巨大土竜は、【金貨変換】によって土壁の中に染み込ませた自分の魔力を金貨へと換えることができる。それを回収し、【金貨吸収】によって自分の力へと還元することで生き永らえている。
スキルの詳細を知った結果、採掘で得た金貨を多く持っている冒険者を優先的に襲っている理由が分かった。
向こうにしてみれば自分が一生懸命育てた餌を横取りされているような物。
自分の餌を奪い返すと同時に盗人を撃退している。
「どうなっているのか俺たちにも説明してくれないか?」
「あの……あなたには何が起こっているのか分かるんですか?」
ガルト君が不安そうにしている。
先ほど少しだけ現れただけだが、いきなり襲い掛かって来た。
周囲は土壁に囲まれ、どこから襲ってくるのか分からない状況。
どこもかしこも死角みたいなものだ。
子供にとっては不安だろう。
いや、大人な囮の冒険者も怯えている。
「現在の状況を説明します。
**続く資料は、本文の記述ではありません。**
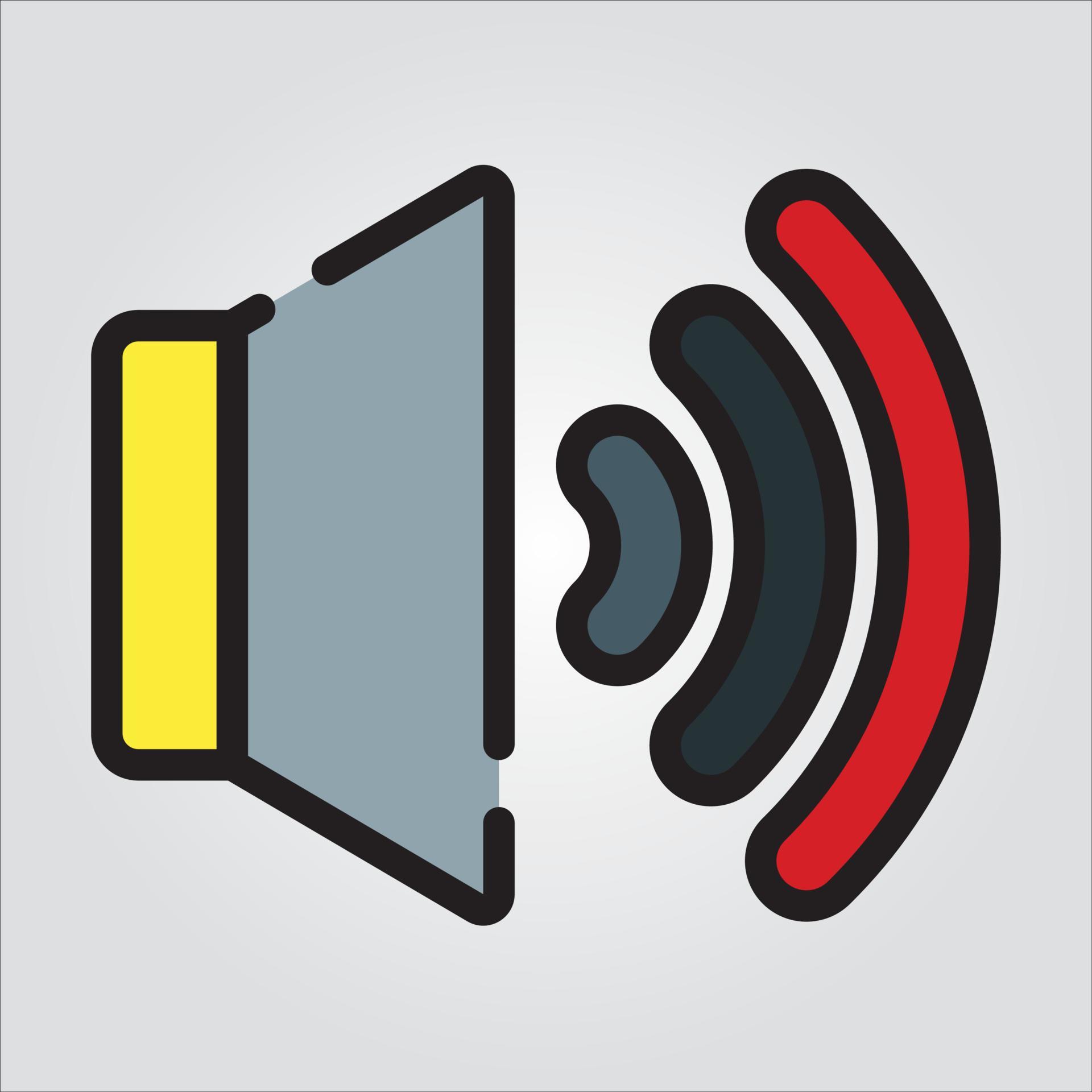 Isolated Sound System Computer Component EPS 10 Premium Graphic 7968969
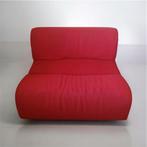 Finse vintage éénzit by Asko Export in rode stof, Huis en Inrichting, Zetels | Zetels, Ophalen, Eenpersoons, Rechte bank, Gebruikt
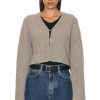 Women Loulou Studio Sweaters & Knits | Hidra Cardigan Ashes Melange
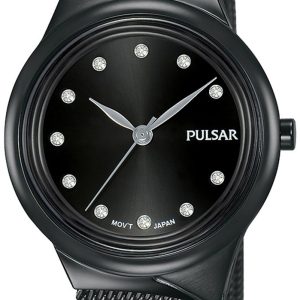 Pulsar Damklocka PH8443X1 Classic Svart/Stål Ø30 mm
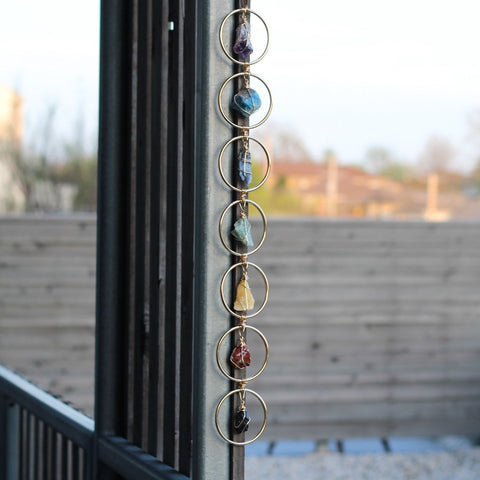 Healing Crystal Wall Hanging raw crystal chakra wall hanging crystal wall hanging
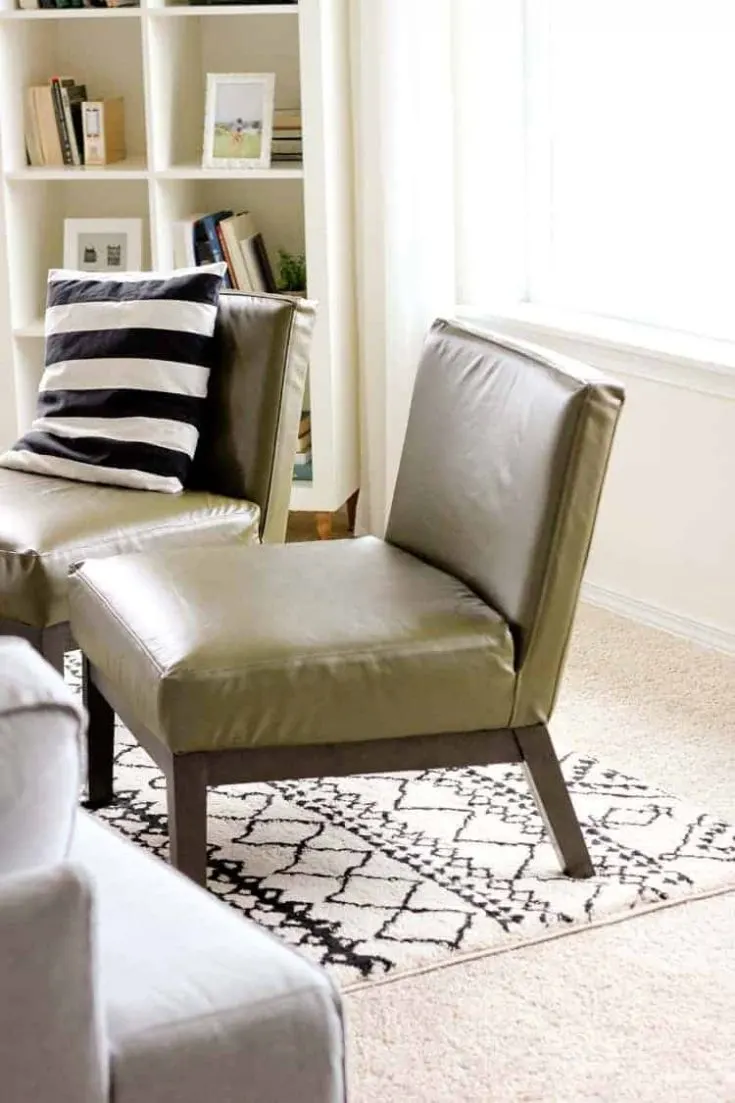 DIY leather project - diy leather chair cover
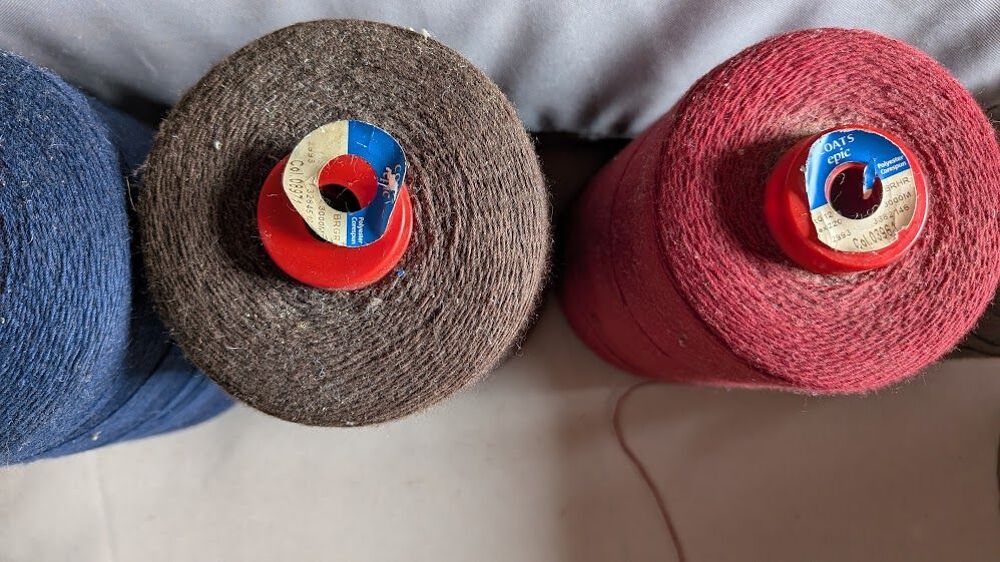 BOBINES de fil en n&deg;12 Bricolage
巨大土竜は地中にいながら攻撃する瞬間を伺っています」
「お、おい! 逃げた方がいいんじゃないか!?」
「逃げても構わないですけど、あと20秒ほどでここへ巨大土竜が戻って来ます」
「な、なんで!?」
冒険者の質問には答えず天井を見上げる。
すると、一人の少女が巨大土竜と一緒に落ちて来る。
「お待たせしました」
落ちて来た少女はシルビア。
【壁抜け】を持つシルビアなら【土中潜行】で隠れている巨大土竜を追うことができる。
「ですが、本気で逃げられるとわたしでは追い付けません。今回は、上から落ちて来る途中でいましたからここへ落とすことができましたが、何度も可能な方法だとは思わないでください」
「ああ、気を付けるよ」
今度こそ逃がさないように巨大土竜の前後をシルビアと囲む。
巨大土竜は顔からナイフを抜いており、刺さった傷口を必死に押さえていた。
「……何をしたんだ?」
「【土中潜行】ですり抜けることができるのは『土』のみ。ですから巨大土竜のいる場所まで擦り抜けたところでナイフを何本も置いて来ました」
【壁抜け】は、使用者だけでなく触れている物にも影響させることができる。逆に言えば、シルビアの手を離れた瞬間に擦り抜けることができなくなってしまう。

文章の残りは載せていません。